== Work to complete ==
Only the lines from the beginning of the material below through the line with "Option D says" should be retyped exactly, and pictures are to be skipped.

+ + + + + + +

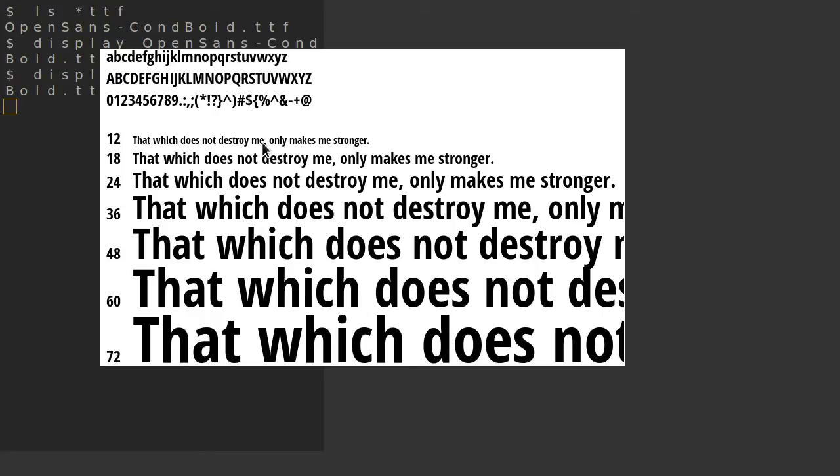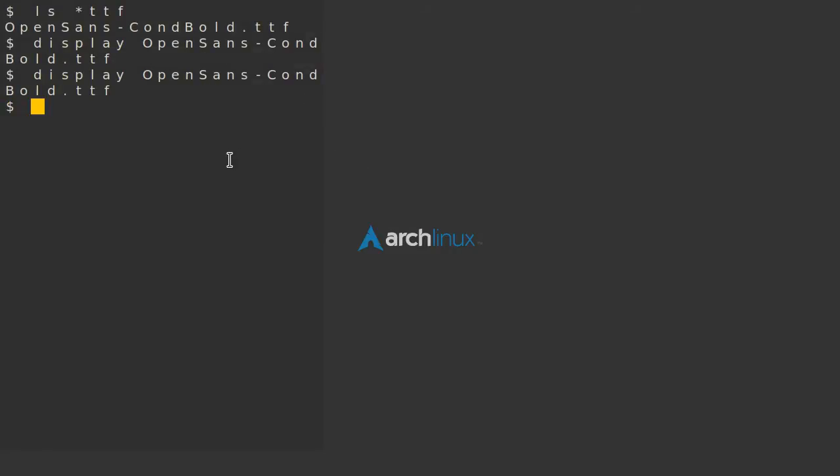So I just made this video real quick so everybody can find this easier. If you don't have display, ImageMagick, that's all you need.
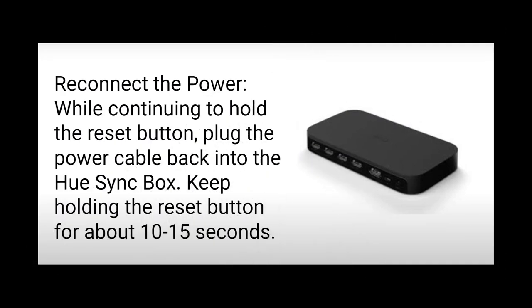Step 3: Reconnect the power. While continuing to hold the reset button, plug the power cable back into the Hue Sync Box. Keep holding the reset button for about 10 to 15 seconds.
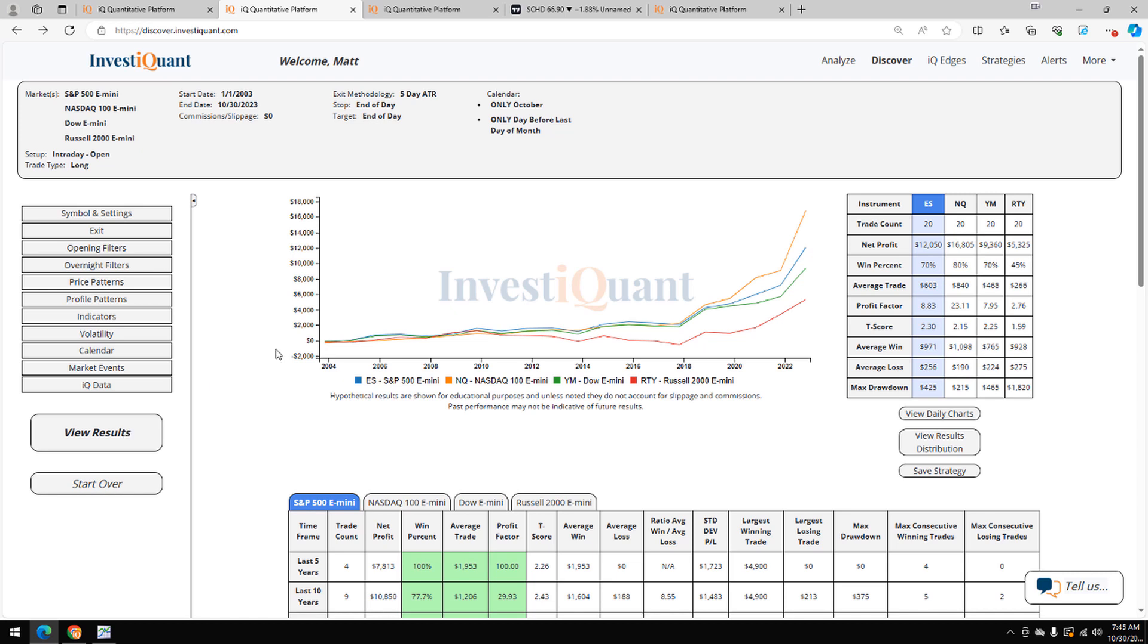Historically, we've got 20 years of data to look at. Win rates on these coming in mostly favored. S&P coming in, 70% of these samples have closed above the opening print for the day. NASDAQ's got 80% of them closing above the opening print. Dow, 70%. Russell, 45%.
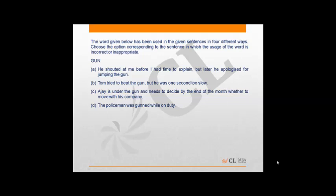Option D says the policeman was gunned while on duty. The correct statement here should be the policeman was gunned down while on duty, which means got hurt or died.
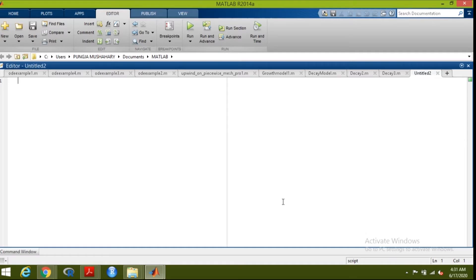Today we will discuss the exponential decay model — how the model is formulated, what type of equation it forms, and we will try to solve the equation using MATLAB. We will also try to plot the graph to observe the behavior of the equation.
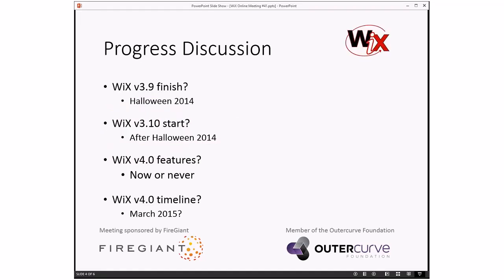Moving on — we're done with triage. None of those bugs were 3.9 bugs. We haven't seen much activity on the 3.10 front, so I think both the before-Halloween and after-Halloween statements still stand for 3.9 and 3.10. WiX 4 features are starting — I saw Sean sent around his ball util converted into managed code, which is awesome. So if there are other things to get going, get to those. We still have a question mark on March 2015, but as we get farther along into the features, we'll discuss what that really means.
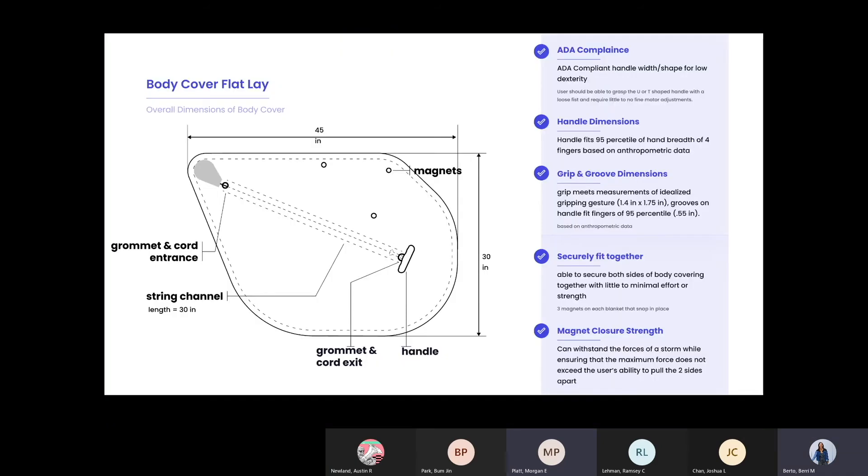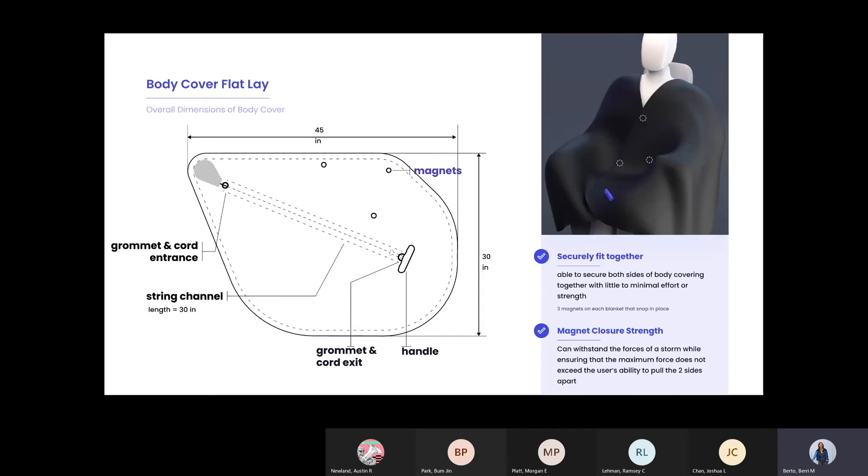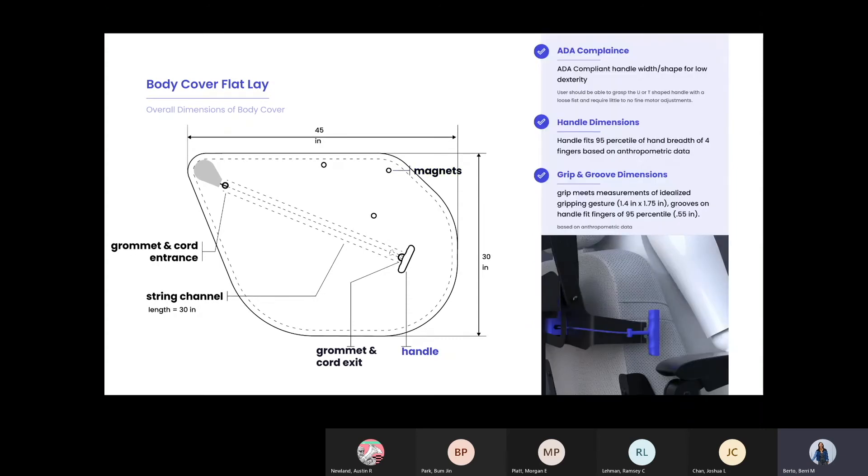Here you can see our body cover flat lay. We wanted to give you a better understanding of the location of the features on the body cover. So here you can see the overall dimensions, the magnet location, and the handle, which is secured into the channel with grommets, and where the pulley sits on the material. The key thing to note here is the channel, which allows us to meet our spec of the fabric fully extending when the handle is pulled.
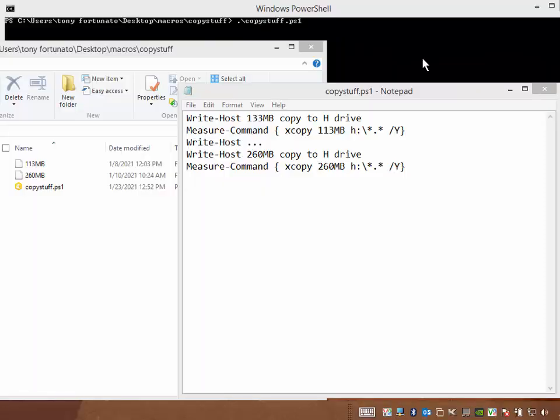Good day, it's Tony Fortunato from The Technology Firm. Today, I'm going to show you how to measure performance using Microsoft Windows PowerShell.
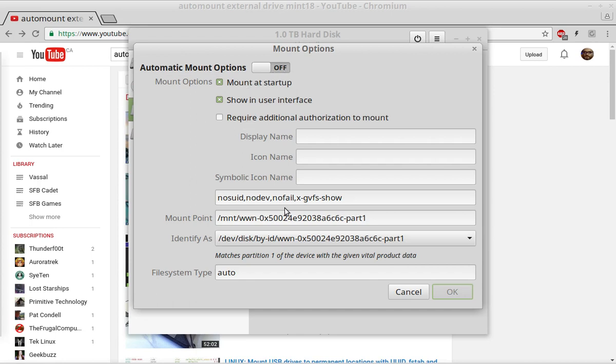Click the button for mount at startup, click OK, put in your password, and you're done. And that's as simple as it is.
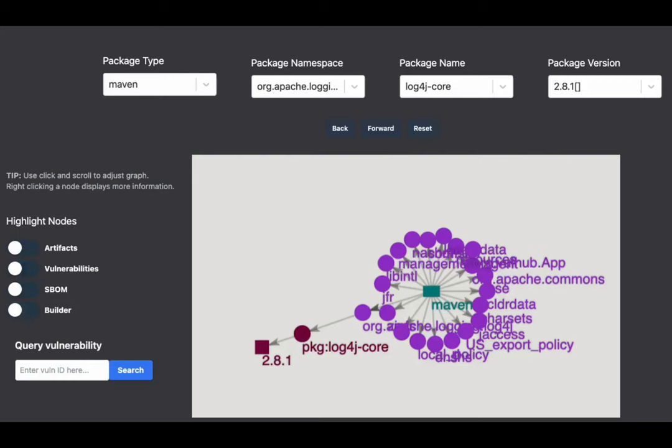The software supply chain includes all of the people and tools that go into producing a piece of software. Every dependency that you pull in adds to your supply chain. To produce secure software, you have to consume secure software.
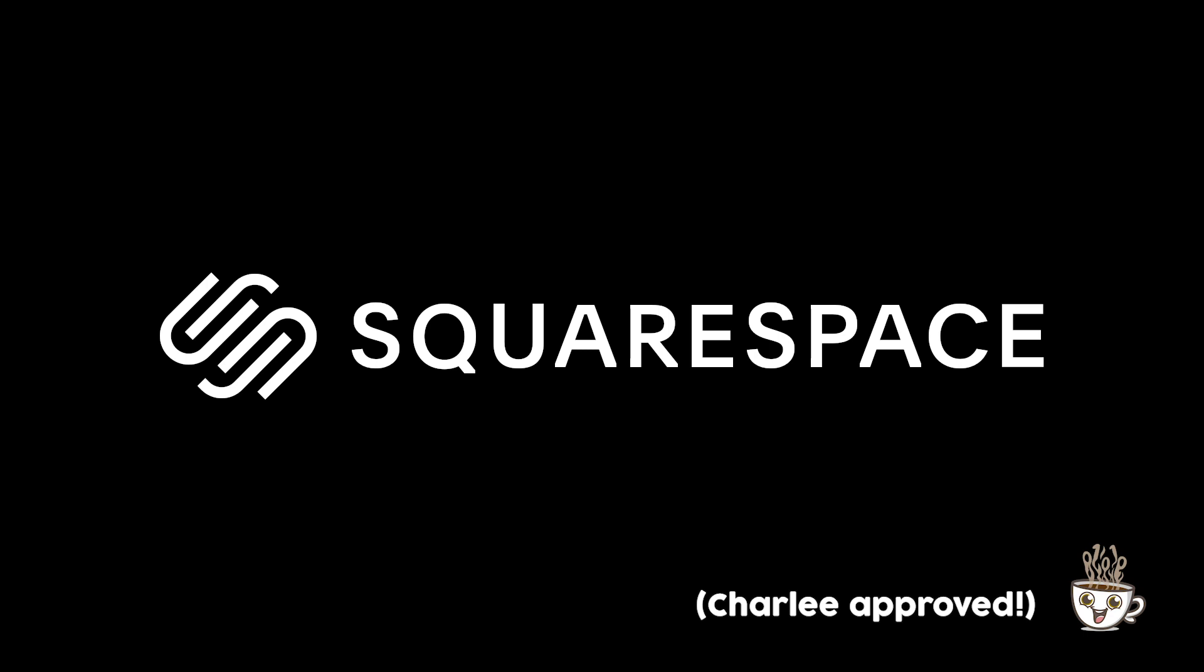This video is brought to you by Squarespace. Squarespace is the all-in-one shop to build a beautiful online presence and run your business. Launch your passion project with Squarespace.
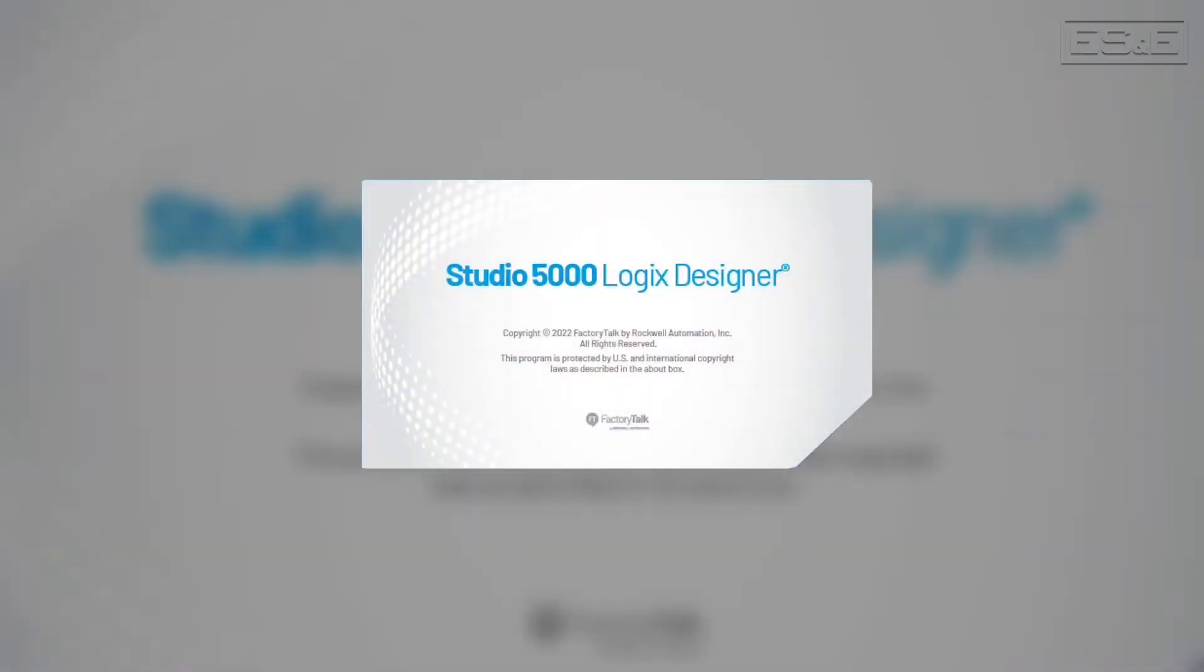Hello, I'm Eric Hanley, an automation specialist with ES&E, and in this video segment, we will review the Rockwell software called Studio 5000's Logix Designer.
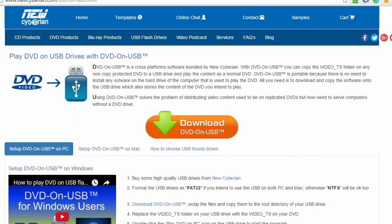Pretty easy to do. Again, we start by going to the NewCyberian.com website and downloading the DVD on USB. Once you do that, most of the hard work is done.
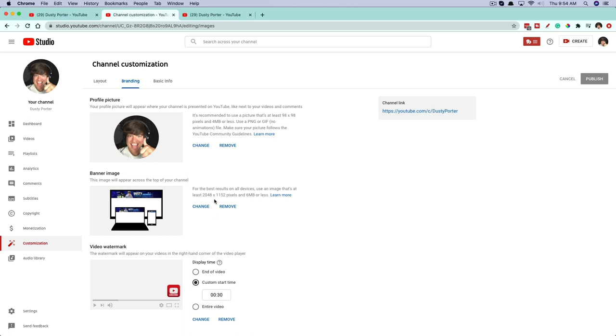What I recommend is — you can see the banner needs to be at least 2048 by 1152 pixels, or six megabytes or less. Those are the requirements.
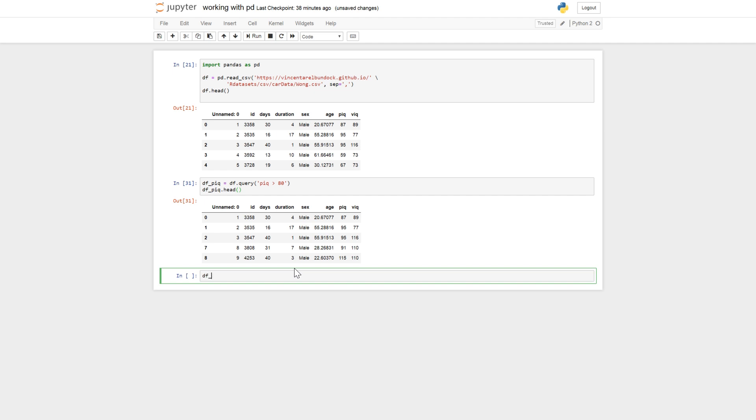So the other way to do it is also similar. You can do something similar using R statistical environment also. Like this.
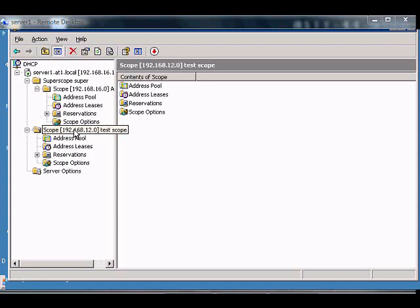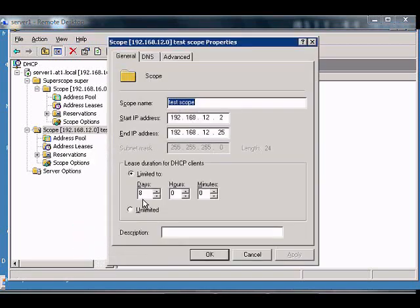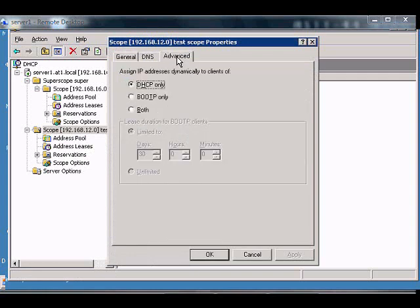In Windows 2003 DHCP Manager, if you would like to allow both BootP and DHCP, just right-click on the scope, choose Properties, and click on Advanced.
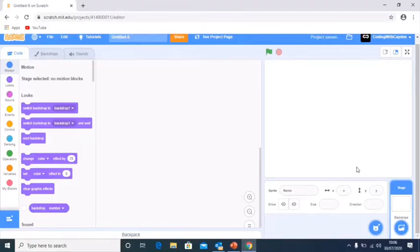Hi guys, welcome back to Coding with Caden. Today we will be learning how to code a sumo wrestling game in Scratch.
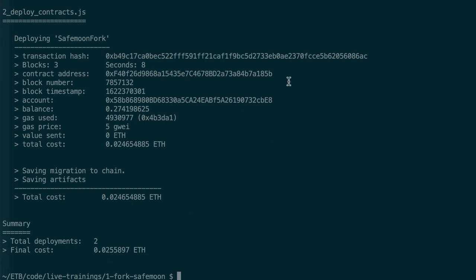The deployment cost you see is actually a deployment cost in BNB tokens. And just above, we can see the deployment detail for our SafeMoon token, including the transaction hash and the address of our token. So we copy this.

+ + + + + + +

== Result for this exercise ==
So I just made this video real quick so everybody can find this easier. If you don't have display, ImageMagick, that's all you need.
Step 3: Reconnect the power. While continuing to hold the reset button, plug the power cable back into the Hue Sync Box. Keep holding the reset button for about 10 to 15 seconds.
Historically, we've got 20 years of data to look at. Win rates on these coming in mostly favored. S&P coming in, 70% of these samples have closed above the opening print for the day. NASDAQ's got 80% of them closing above the opening print. Dow, 70%. Russell, 45%.
Option D says the policeman was gunned while on duty. The correct statement here should be the policeman was gunned down while on duty, which means got hurt or died.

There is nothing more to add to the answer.